2 Charles River Analytics
3 University of Southern California, Institute for Creative Technologies
4 Emery-Riddle Aeronautical University
During this panel, Dr. Jenkins seeded discussions by delivering the following presentation.
Discussion during Effects of Prolonged Use of Mixed Reality Systems in Occupational Settings Discussion Panel Session
Dr. Michael Jenkins (Presenter), Charles River Analytics
Dr. Thomas Talbot, University of Southern California, Institute for Creative Technologies
In recent years, wearable Augmented, Virtual, and Mixed Reality (XR) technologies have supported users in a variety of domains to enhance situation awareness (SA), enable on-the-job training, foster effective communications, and support decision making in complex and uncertain situations. To date, consumer and commercial applications have been the primary drivers of wearable XR technology. DoD-relevant XR wearables are beginning to emerge, with applications primarily seen in Warfighter training and simulation, such as enhanced optics that provide sensor-based filters (e.g., night vision) versus spatially localized view augmentations. Wearable XR approaches have not been widely adopted by the US military, despite the potential to significantly enhance many of US Warfighter operations. However, history has shown that introducing novel technologies into complex domains without comprehensive consideration of the domain, its users, the environment, and the constraints and affordances that result from each in isolation and through interactions is rarely successful. As a result, investments into XR-based technologies must be informed to ensure pursuits maximize the potential to succeed and yield a significant return-on-investment (ROI).
While XR technologies hold significant potential to augment and enhance multiple aspects of US military operations, many factors must be considered, especially in the prolonged use-cases of most military applications. Among them are XR display platforms, visualization techniques, supporting algorithms (e.g., for accurate presentation of virtual information overlaid on the physical world), and operational considerations such as reliability and size, weight, power, cost (SWaP-C).

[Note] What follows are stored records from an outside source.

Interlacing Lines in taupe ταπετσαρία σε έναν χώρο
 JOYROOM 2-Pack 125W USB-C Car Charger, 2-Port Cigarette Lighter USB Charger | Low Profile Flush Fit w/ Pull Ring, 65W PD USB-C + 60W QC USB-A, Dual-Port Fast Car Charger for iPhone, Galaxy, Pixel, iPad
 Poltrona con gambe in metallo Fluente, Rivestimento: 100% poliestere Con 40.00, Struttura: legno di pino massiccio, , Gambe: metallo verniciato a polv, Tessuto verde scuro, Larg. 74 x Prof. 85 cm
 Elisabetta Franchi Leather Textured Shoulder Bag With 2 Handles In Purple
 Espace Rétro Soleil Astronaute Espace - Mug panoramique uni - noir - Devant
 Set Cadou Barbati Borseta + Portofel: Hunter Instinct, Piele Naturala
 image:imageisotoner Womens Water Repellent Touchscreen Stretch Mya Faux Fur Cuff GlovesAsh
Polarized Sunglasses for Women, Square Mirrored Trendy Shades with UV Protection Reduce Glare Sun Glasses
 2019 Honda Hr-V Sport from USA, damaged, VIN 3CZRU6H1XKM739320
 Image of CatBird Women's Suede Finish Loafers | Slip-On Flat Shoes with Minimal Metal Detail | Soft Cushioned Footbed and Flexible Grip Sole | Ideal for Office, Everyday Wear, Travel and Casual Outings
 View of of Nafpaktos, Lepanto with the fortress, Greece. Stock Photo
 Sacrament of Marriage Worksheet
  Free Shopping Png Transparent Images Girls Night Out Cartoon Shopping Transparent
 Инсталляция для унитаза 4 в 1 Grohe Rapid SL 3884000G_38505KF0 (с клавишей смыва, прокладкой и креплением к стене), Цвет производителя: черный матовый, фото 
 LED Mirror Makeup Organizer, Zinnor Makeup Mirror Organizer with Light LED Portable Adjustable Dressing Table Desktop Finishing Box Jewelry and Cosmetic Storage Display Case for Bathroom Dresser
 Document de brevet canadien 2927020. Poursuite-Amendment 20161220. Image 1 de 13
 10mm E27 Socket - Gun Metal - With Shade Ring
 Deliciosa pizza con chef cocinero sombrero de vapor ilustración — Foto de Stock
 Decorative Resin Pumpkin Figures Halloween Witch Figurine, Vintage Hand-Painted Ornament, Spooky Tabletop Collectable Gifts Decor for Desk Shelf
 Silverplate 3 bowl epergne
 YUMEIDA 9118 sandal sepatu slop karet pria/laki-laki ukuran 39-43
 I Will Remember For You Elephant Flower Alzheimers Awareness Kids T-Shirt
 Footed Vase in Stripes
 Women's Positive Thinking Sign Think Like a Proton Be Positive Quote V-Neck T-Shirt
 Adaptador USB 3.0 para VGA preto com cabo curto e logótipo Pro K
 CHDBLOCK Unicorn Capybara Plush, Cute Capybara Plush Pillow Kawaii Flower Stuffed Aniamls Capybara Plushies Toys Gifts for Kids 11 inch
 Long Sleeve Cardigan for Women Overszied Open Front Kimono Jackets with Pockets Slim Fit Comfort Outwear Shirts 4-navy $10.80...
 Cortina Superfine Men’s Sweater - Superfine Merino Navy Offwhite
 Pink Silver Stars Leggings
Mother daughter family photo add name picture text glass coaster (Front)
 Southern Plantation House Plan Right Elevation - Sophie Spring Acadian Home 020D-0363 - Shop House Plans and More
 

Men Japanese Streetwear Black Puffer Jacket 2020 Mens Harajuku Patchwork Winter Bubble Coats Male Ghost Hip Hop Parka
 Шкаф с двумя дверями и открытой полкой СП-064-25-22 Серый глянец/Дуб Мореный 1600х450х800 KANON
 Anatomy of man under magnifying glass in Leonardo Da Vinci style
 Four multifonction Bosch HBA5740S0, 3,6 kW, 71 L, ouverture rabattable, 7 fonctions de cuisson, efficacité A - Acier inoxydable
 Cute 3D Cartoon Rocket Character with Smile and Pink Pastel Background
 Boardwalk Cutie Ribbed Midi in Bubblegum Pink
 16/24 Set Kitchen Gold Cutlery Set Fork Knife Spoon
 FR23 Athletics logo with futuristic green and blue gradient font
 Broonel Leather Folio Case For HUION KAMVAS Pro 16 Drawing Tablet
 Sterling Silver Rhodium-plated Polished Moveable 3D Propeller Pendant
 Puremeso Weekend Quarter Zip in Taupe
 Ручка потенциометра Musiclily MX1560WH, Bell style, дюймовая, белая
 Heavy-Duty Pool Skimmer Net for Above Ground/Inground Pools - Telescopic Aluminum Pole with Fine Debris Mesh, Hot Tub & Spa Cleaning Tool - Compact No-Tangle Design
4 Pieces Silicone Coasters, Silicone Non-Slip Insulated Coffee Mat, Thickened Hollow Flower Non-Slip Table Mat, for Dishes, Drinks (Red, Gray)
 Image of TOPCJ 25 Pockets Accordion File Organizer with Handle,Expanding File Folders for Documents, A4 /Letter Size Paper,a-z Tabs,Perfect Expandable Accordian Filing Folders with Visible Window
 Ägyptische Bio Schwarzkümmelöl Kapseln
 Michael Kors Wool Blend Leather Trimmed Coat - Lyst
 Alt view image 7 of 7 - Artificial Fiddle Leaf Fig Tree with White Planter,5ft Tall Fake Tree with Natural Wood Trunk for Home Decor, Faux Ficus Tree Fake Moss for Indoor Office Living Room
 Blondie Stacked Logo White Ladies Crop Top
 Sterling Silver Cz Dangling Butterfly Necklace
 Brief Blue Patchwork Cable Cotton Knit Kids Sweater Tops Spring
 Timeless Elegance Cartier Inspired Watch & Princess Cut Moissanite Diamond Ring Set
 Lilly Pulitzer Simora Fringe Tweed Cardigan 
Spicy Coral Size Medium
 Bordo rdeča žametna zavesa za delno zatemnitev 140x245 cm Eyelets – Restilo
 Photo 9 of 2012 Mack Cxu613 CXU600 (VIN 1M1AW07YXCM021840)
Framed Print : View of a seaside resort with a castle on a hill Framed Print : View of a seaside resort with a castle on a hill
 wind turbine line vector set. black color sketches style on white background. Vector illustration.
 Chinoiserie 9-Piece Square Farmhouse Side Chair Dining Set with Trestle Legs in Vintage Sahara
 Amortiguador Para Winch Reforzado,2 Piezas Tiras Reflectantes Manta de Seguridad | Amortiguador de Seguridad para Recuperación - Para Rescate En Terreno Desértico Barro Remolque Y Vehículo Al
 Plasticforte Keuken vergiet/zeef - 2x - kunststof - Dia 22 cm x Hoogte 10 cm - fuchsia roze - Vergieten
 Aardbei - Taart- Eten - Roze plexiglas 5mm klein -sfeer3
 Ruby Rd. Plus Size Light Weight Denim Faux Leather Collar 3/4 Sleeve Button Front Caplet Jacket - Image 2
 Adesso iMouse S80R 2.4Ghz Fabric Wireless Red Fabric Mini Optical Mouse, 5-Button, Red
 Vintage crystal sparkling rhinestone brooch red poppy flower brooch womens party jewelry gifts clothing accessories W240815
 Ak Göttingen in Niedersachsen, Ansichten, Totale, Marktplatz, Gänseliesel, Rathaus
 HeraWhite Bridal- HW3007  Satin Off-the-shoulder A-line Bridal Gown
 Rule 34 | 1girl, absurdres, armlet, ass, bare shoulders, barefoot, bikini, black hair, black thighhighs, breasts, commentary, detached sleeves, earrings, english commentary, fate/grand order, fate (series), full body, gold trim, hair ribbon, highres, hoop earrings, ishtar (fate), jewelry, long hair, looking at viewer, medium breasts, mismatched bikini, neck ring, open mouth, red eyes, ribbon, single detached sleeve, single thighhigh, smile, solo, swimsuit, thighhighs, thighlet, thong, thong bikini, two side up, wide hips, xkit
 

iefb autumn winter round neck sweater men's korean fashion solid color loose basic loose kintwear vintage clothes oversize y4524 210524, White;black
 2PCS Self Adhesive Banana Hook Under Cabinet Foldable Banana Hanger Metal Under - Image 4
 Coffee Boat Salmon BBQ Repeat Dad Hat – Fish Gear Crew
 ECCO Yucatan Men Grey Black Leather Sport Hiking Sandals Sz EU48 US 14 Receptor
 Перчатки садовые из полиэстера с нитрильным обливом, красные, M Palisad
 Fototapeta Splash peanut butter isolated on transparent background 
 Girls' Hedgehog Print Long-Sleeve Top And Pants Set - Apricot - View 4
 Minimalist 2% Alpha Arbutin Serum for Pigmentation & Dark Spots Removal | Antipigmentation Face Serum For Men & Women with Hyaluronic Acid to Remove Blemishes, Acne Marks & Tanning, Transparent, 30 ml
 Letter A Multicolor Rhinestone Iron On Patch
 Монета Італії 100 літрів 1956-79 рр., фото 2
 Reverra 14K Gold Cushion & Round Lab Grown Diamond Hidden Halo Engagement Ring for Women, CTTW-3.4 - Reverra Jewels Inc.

For example, a solution with a poor field of view (FOV) may compromise Warfighter safety, result in disorientation and compromised mission readiness, or even contribute to short-term or long-term health risks. Therefore, a disciplined research approach is required to identify applicable XR hardware and software to support candidate Warfighter operations.
To address this need, Charles River Analytics is conducting a trade study of XR technologies with a focus on evaluating candidate commercial off-the shelf (COTS) devices for military applications. To date, we have evaluated a mix of COTS devices, including 40+ XR wearable viewing peripheral (primarily head-mounted displays) and 30+ XR interaction peripherals. Based on preliminary results, we conducted a strengths, weakness, opportunities, and threats (SWOT) analysis focused initially on the application of wearable augmented reality technology in the US military. With this tool, we intend to guide R&D investments and efforts based on the evolving and typically fragmented hardware landscape. We will continue to evaluate soon-to-be released devices available to us through strategic partnerships within the XR industry.